According to believers of the Bielefeld Conspiracy, the city exists only as an illusion, possibly invented by the CIA. Sounds crazy, you say? Yes, it is, but that satirical running gag is known all over Germany.

Believers of the conspiracy ask non-believers these three questions: Have you ever been to Bielefeld? Do you know anybody from Bielefeld? Do you know anybody who has ever been to Bielefeld?

As my hometown is not a place you would describe as a tourist destination, most people the answer to these three questions is "no," supposedly proving the conspiracists' point.

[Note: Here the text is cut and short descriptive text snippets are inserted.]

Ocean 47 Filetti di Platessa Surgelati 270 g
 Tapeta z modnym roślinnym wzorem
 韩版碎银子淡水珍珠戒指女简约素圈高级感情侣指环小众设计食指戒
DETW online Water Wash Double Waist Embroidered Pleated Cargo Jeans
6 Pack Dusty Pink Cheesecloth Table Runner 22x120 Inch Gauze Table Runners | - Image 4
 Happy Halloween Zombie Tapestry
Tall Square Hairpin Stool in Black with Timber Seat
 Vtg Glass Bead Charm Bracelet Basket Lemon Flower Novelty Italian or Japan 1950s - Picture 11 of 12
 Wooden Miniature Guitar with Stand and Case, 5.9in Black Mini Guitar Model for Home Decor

Originated in 1994 on a German internet forum, the satire conspiracy theory was instantly contagious, which proclaimed that Bielefeld is a made up city. Achim Held is to blame, as he is responsible for starting the theory as a joke, not knowing what kind of hype he actually created. Conspiracy theorists claim that our city was invented by a fictional entity called "THEM." To make it even weirder, they believe that "THEY" had help from aliens disguising their spaceship as the University of Bielefeld.

Up to this day, 25 years later, it continues to spread. Can you believe that Bielefeld's mayor receives emails from across the country with questions surrounding the real existence of the city? And, it's true! Even German Chancellor Angela Merkel referred to the conspiracy in public while talking about a town hall meeting she had attended in Bielefeld, adding: "if it exists at all" and "I had the impression that I was there." Finally, German cinemas even showed a movie about the Bielefeld Conspiracy!

Being born and raised in this very city, I was often annoyed by people telling me this senseless joke and persisting that I am only imagining living in Bielefeld. It is incredible, though, how a small 25-year-old joke turned into such a conspiracy that is known all across Germany and beyond.